Better keep the scorps happy, they get all myrmidon on you if you are late with their food.
Anteater Assassins, no flamingo is safe!
With ‘endless loop/repeat’ feature.
Note the empty bowl behind the sea of Annoyed Ears.
Obviously they were all staring at the bowl.
Upon hearing the distinct sound of ‘human walking in’ they all slowly swiveled to stare at the unfortunate being under their hex vision.
Finally!
Some news I can believe!!!
;-)
What a way to start the week.
Yes, an episode of “Dancing with the Stairs” starring “oops the human” and the Kitteh Overlords.
LOL! That was good!
I’m going out to plant some peas and carrots before it gets hot.
My luck I’d be clubbed with a pangolin.
They are sneaky little buggers.
I dunno what it is with these secretive government agencies and running down my lawn gnome. They practice in my yard all the time. Never ends. I’m out in the yard and hear “whop whop whop whop whop”.. Naturally I look at my shoes to make sure I didn’t step on anything before looking around.
A voice yells at me to ‘get down’ with my ‘hands up’.
Complete nonsense, so I ask “what?!”
Finally I notice the huge helicopter hovering over my pool.
Guy must’ve been looking for somewhere to go fishing or something.
He was gesticulating wildly and waving his arms frantically.
I knew what was coming next, and sure enough, an urban assault vehicle comes tearing up into my yard and thumps down my lawn gnome.
Just like last week.
I walked past a vehicle parked out in front of my house.

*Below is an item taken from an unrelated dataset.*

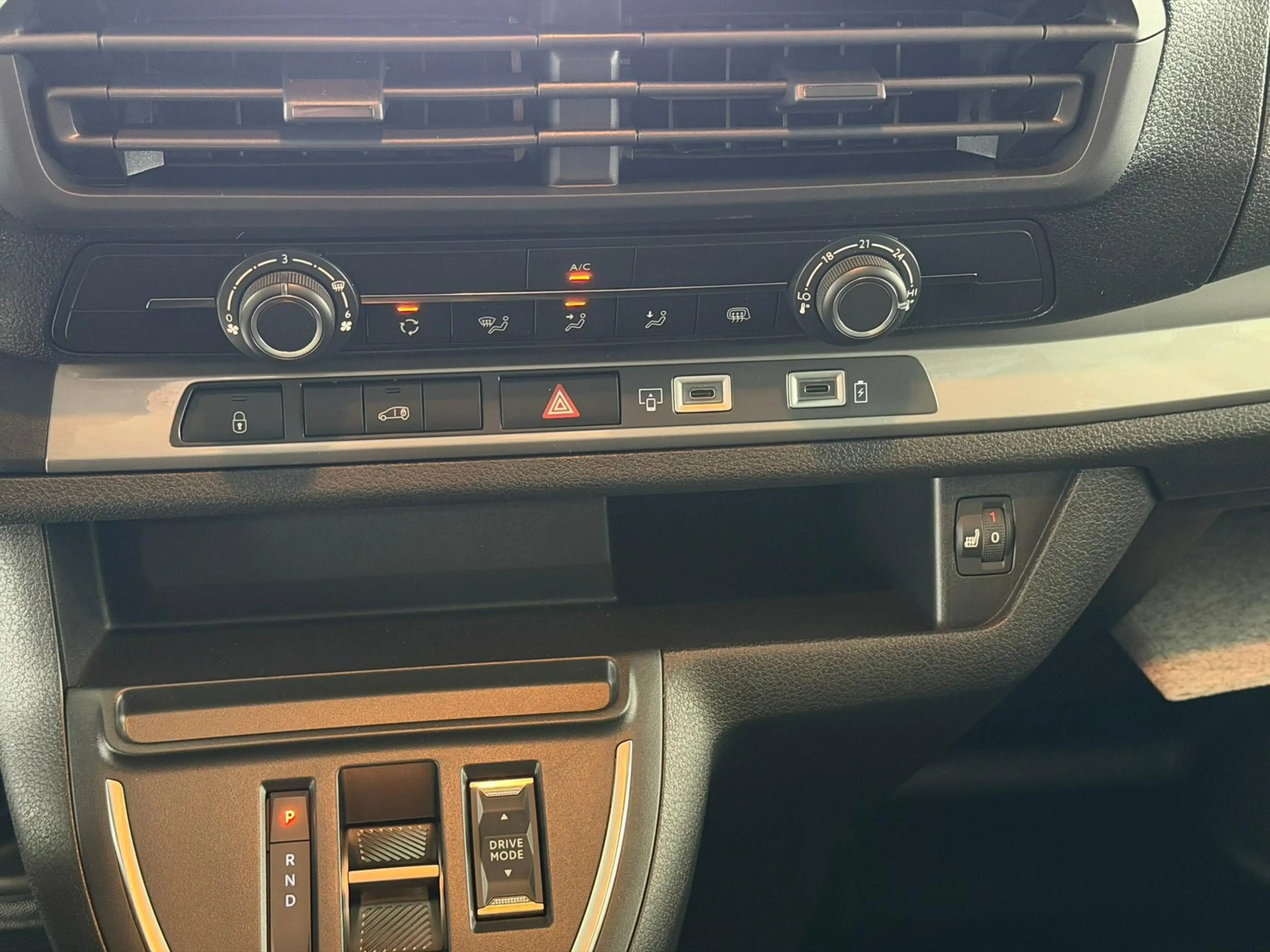 Opel Vivaro Cargo XL - CarPlay/AHK/ACC/Kamera/SHZ — photo 13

Guy inside it says, “He’s home.”
I ignored the ninjas jumping out my windows, they’re always ninjas jumping out my windows for some reason, and wandered up to my front door.
As I was unlocking the door, a pest control vehicle marked ‘S.W.A.T.’ drives across the grass and runs down my lawn gnome.
I barely had time to get the door open to escape those vicious psychotic lawn gnome murdering pest control guys.
And today, today my lawn gnome was run down by bicycle cops.
I’m gettin’ tired of burying my lawn gnomes.
They’re getting tired of it too and are now complaining.
The gnomes keep trolls at bay because trolls try to eat the gnomes.
So it’s a type of early warning system.
I hear the screaming and squealing of the gnome, and I run outside with old Bertha in time to see the troll standing in the yard with kicking gnome legs sticking out of his mouth.
A little quick application of rock salt and the troll is done.
As for the ninjas.
Dunno what they’re doing.
They don’t talk much, and they’re everywhere too.
I opened up the fridge, and a ninja was hiding in there.
He at least handed me what I was looking for before I closed the door again.
Dunno why he was in there, but I figured he had a reason to be in there.